Infants drank one of three formulas during each first meal: regular cow’s milk formula; cow’s milk formula with added glutamate; or so-called hydrolyzed formula, which contains broken-down or predigested milk protein. Hydrolyzed formulas, which also have high glutamate levels, are typically given to babies who have bad reactions to whole protein.
Researchers allowed the infants to drink formula at the first meal until they indicated they were full. When the infants showed they were hungry again, they were given a second feeding of cow’s milk formula.
Parents fed their baby at their customary pace, starting and ending only when the baby signaled hunger or satisfaction with cues such as sucking on hands or turning away from the bottle. They were unaware of what type of formula their baby was getting.
During the first meal, the infants drank significantly less hydrolyzed formula and cow’s milk formula with added glutamate compared to when they got regular cow’s milk formula, leading researchers to conclude that even on formula, babies may know to stop eating when they’re full.
“Since the parents feeding the infants did not know what formula they were feeding, the infants must have been able to control the amounts that they consumed,” Beaucamp explained in an email.
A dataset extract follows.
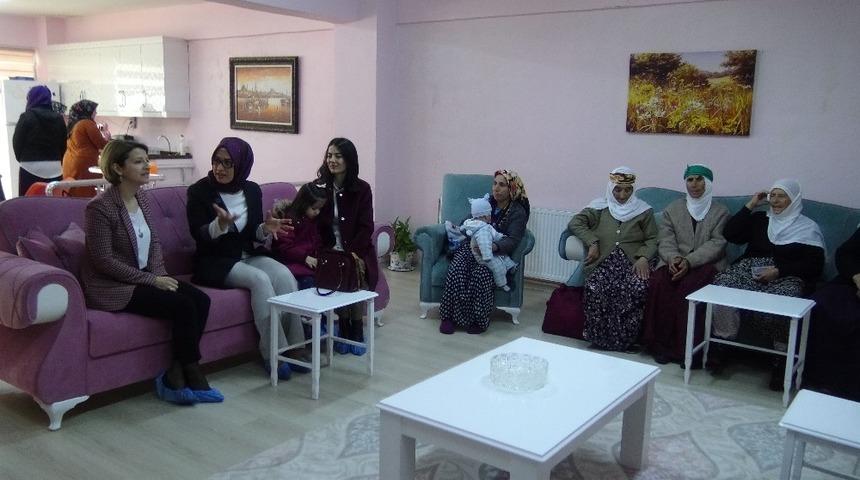 Vali Hulusi Şahin’in eşi Ebru Şahin’den Gercüş ziyareti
The time between the first and second feedings did not differ markedly depending on which formula a baby was given at the first meal. The infants who first got hydrolyzed or added-glutamate formulas also did not make up for drinking less at the earlier meal by having extra formula at the next one.
That showed infants were just as satisfied after the two high-amino-acid formulas despite drinking less, said Beauchamp.
The study was funded by the National Institutes of Health and Ajinomoto Inc, a maker of amino acids, but neither was involved in the research or the written report, the authors note.
Beauchamp’s team concludes from the infants’ behavior that glutamate may trigger a signal in the body that tells babies they have eaten enough.
“Extra glutamate seems to control the baby’s appetite,” said Dr. Ian Holzman, a neonatologist at Mount Sinai School of Medicine in New York, who was not involved in the study.
Although human milk remains best for babies, Holzman explained, some babies have to be fed formula for various medical or social reasons.
In those cases, the study suggests adding glutamate to infant formula could make it “closer to breast milk,” he told Reuters Health.
“We should try to make formula as good as it can be,” he added.